4) Magnesium-Intensive Multi-Material Automotive Structures: Fabrication and Performance
Researcher: Michael Worswick, University of Waterloo
Partners: Cosma International (division of Magna), 3M Canada, Huys Industries, Meridian Lightweight Technologies, CANMET Materials Technology Laboratory (Natural Resources Canada)
APC Investment: $3,713,044 (NSERC and CFI)
More and more, manufacturers are building automotive parts and structures out of more than one material (composites or multi-materials). This can dramatically reduce weight and improve overall vehicle performance. However, many factors affect the long-term reliability of these materials. This project will examine key corrosion, fatigue, and structural parameters, while also implementing the crashworthiness testing infrastructure required to evaluate the corrosion protection and joining technologies associated with a multi-material structure. Advanced numerical (i.e., computer) models for manufacturing and in-service performance will be developed. These will enable efficient computer-aided engineering of future vehicles. The project will position the Canadian automotive sector to manufacture competitive, next-generation lightweight structures.
5) Low Platinum PEM Fuel Cells
Researcher: Steven Holdcroft, Simon Fraser University
Partners: Automotive Fuel Cell Corporation, Ballard Power Systems, Hyteon Inc., BIC Inc., GM Canada, Hydrogenics
APC Investment: $5,500,000 (through NSERC and NRC)
Polymer electrolyte membrane fuel cells (PEMFCs) are being developed worldwide as clean energy conversion devices.
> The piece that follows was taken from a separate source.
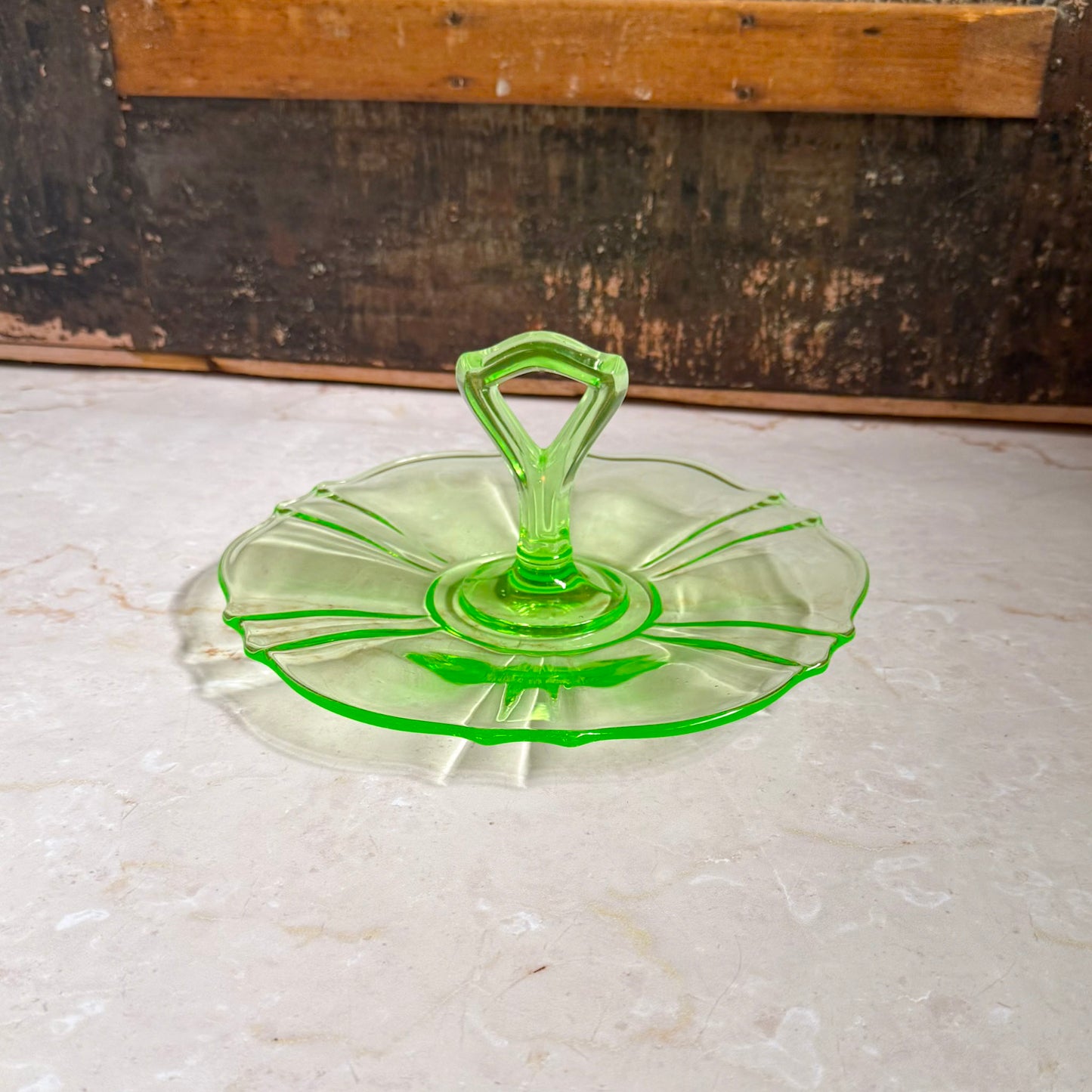 Vintage Tid-Bit Tray | Uranium Green Depression Glass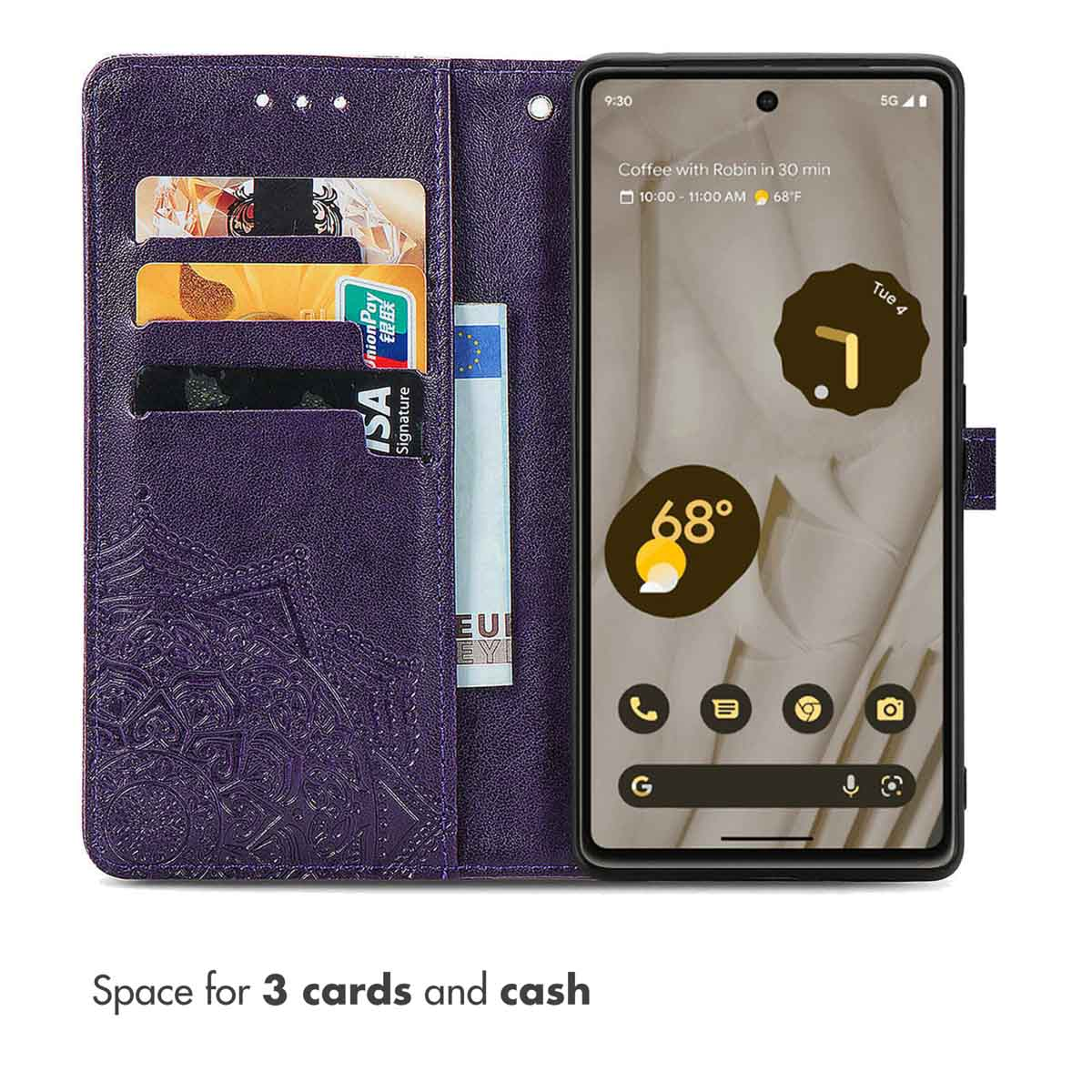 Custodia a portafoglio viola con design mandala, tre scomparti per carte, tasca per contanti e smartphone.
Promising applications for these fuel cells include materials handling backup power, residential co-generation, fleet vehicles and portable electronics. However, the biggest impact fuel cells could have lies in the commercial automotive sector, which holds great potential to reduce greenhouse gas emissions and air pollution. A significant technical barrier to full commercialization is the high amount of platinum required for each fuel cell. This partnership brings together 17 scientists and engineers from nine universities across Canada, who will work on reducing the cost of PEMFCs through the exploration of alternative non-platinum metals and the fabrication of advanced layer structures.
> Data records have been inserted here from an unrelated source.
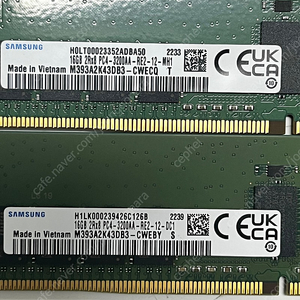 삼성 DDR4 16GB PC4-25600 REG ECC 램 x2개 팝니다.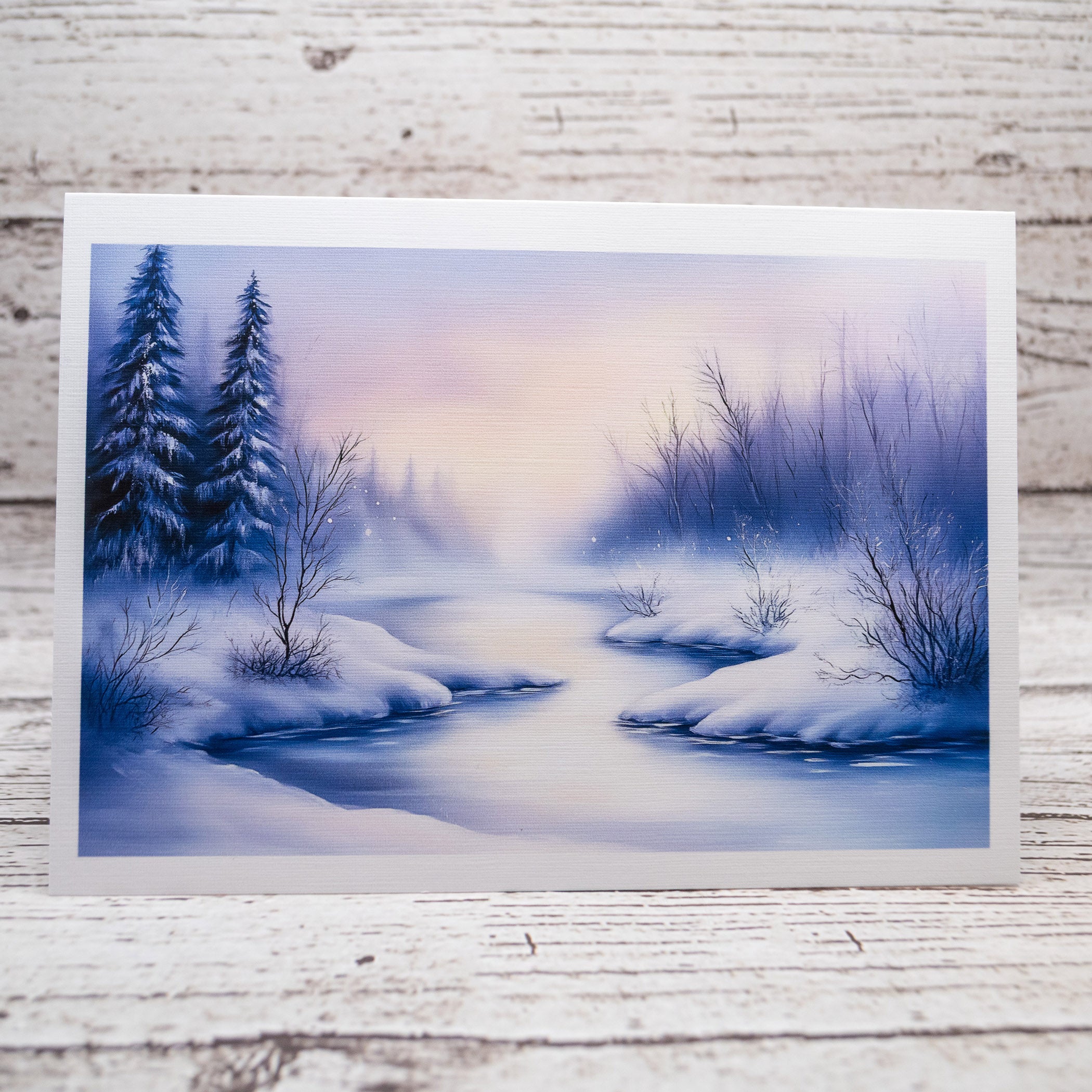 Enchanting Winter Serenity Notecard Linen Textured Greeting Cards with Envelopes image 5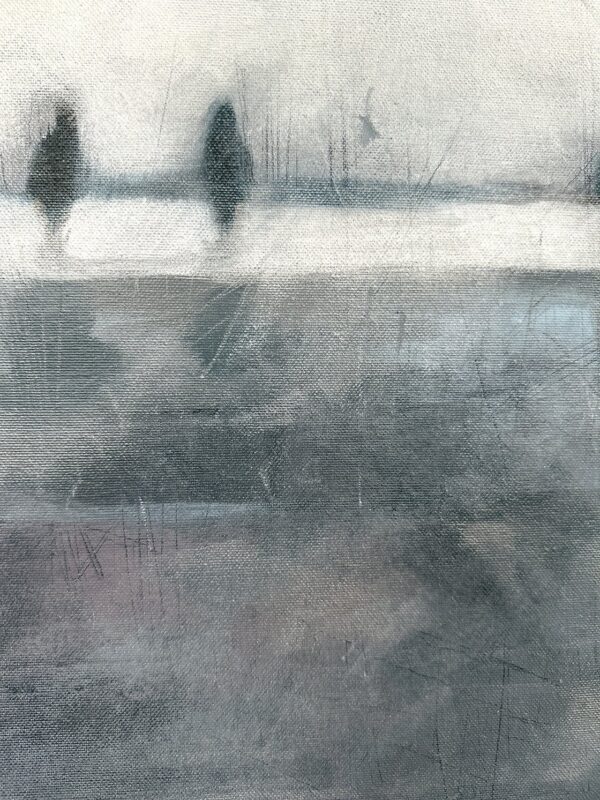 Texture detail of oil paint showing layered strokes on Deep low Tide.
6) In-situ Studies of Electromechanical Processes in Automotive Materials
Researcher: Gillian Goward, McMaster University
Partners: GM Canada, Bruker Ltd., Heka Electronics
APC Investment: $2,346,484 through (NSERC)
This team proposes to identify improvements to lithium batteries by looking inside operating batteries to determine what occurs at various scales including the meso (mid-level), molecular (chemical), and nano (atomic) scales. This will give the researchers a picture of the electrical and chemical state of health of the battery and will help them understand what is impacting on its performance. The goal is to develop innovations that will bring the next generation of automotive batteries to the cars of tomorrow.